Per Knopfdruck wird von Geisterhand gesteuert die Brücke über den Kanal herab gelassen, so dass wir übersetzen und auf der anderen Dammseite zurück radeln und tolle Blicke auf den SP erhaschen können.

Jetzt geht‘s in den Hafen und in das Herz des ehemaligen Fischerdorfs hinein. Also sehenswert ist alles. Wir sind total begeistert, nie hätte ich erwartet, hier in solch ein Schnuckelhausen zu geraten. Es herrscht eine so gelöste schöne Stimmung, sonnenwarm und golden. 

Dann wartet dieses Örtchen mit einer weiteren Besonderheit auf, die uns in Holland so noch nicht begegnet ist. Schnurgerade, wie vieles hier, zieht sich eine annähernd 1 km lange schmale Einkaufsmeile mit Häuschen und Lädchen durch den Ort. Hin und wieder führen enge Treppengässchen nach unten auf die tiefere Ebene der Hauptstraße. Hier wird alles angeboten von schönen Klamotten bis Leckereien für den Gaumen, Schmuck und Deko, und häufig wird auf Schiefertafeln angekündigt, dass schon ein Kaffee auf den Besucher wartet.  Es mutet an wie ein marokkanischer Souk - holländisch interpretiert. Einfach irre, irre schön.

Wir lassen uns durch die Straßen und Gassen treiben, kreuz und quer. Die Fotos halten vieles fest, wecken beim Betrachter vielleicht den Wunsch, auch mal hier eintauchen zu wollen in diesem Schmuckkästchen, umweht von buntem Herbstlaub. 

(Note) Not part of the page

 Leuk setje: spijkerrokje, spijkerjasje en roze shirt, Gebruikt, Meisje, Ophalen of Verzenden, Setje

In diesen Herbstduft mischt sich aber an der nächsten Ecke der extrem lockende Olliebollen-Duft. Puuuhhhh … wir geben uns geschlagen. Einer für jeden, sofort verspeist, dieser außen Pudrige und innen lauwarm Fluffige, golden Gebackene, mit seinen weichen warmen süßen Rosinen tief im Inneren, die einem noch den Wunsch nach einem nächsten dalassen, bevor sie das Zäpfchen passieren … wie gewonnen, so zerronnen.

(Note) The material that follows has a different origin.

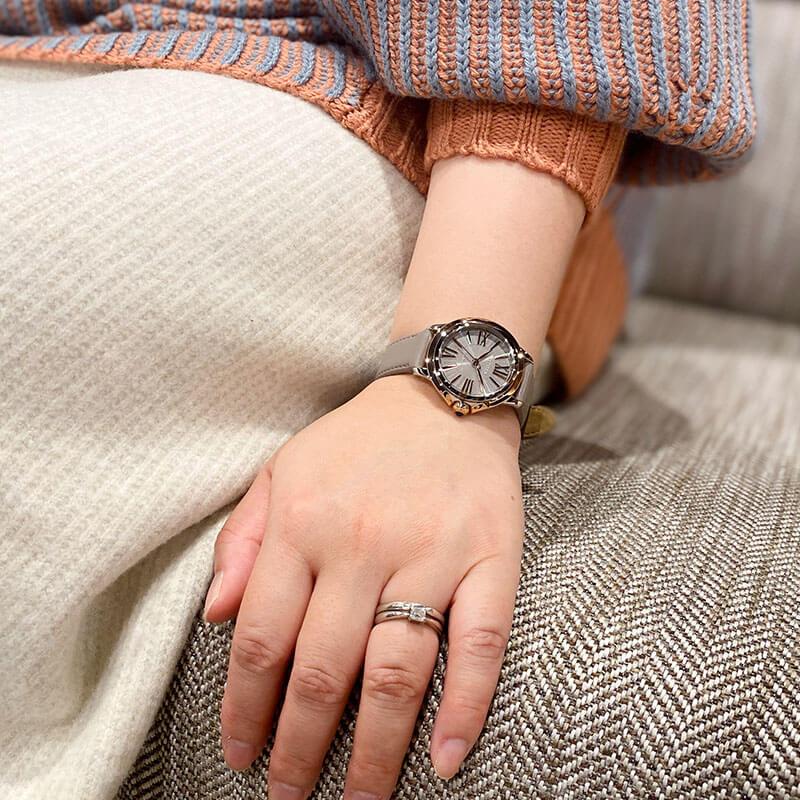 シチズン シチズンエル CITIZENL ROUND Collection EM1166-01Z レディース ソーラー 爆買の画像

Der Rückweg führt uns im herbstsonnigen Licht vorbei an begeisternd schönen Fassaden schnurgerade auf das Alte Rathaus zu, auf dem Besonnenheit, Liebe und Gerechtigkeit als Symbole dargestellt sind. Es wurde 1639 im holländisch-klassizistischen Stil entworfen und gebaut. Auf dem Turm des Rathauses befindet sich ein kupferner Segler. Daran ist zu erkennen, dass Middelharnis früher ein Fischerdorf war. 

Und dann aber ab durch die Mitte zum Womo. Wim läutet mit ein paar Häppchen das Wochenende ein, und der Himmel gibt ebenfalls sein Bestes. Welch ein Tag ! Middelharnis … sollte man sich notieren. 

22.10.2022 Samstag

Der Wettergott scheint auch heute mitzuspielen. Die ganzen Tage war wechselhaftes und oft mit Regenschauern angereichertes Wetter vorhergesagt. Aber es stellte sich nicht ein. So ist das in Holland häufig. Der Einfluss der Küstenwetterlage ist erfahrungsgemäß stärker Richtung „gutes Wetter“ statt Regen. Aber Glück muss man auch haben. Wir verlassen das hübsche Middelharnis, werfen noch einen Blick auf die beneidenswert herrlichen Grundstücke am Wasser und steuern den Jumbo an, kaufen etwas ein, bevor es weiter zum nächsten Ziel nach Heusden geht.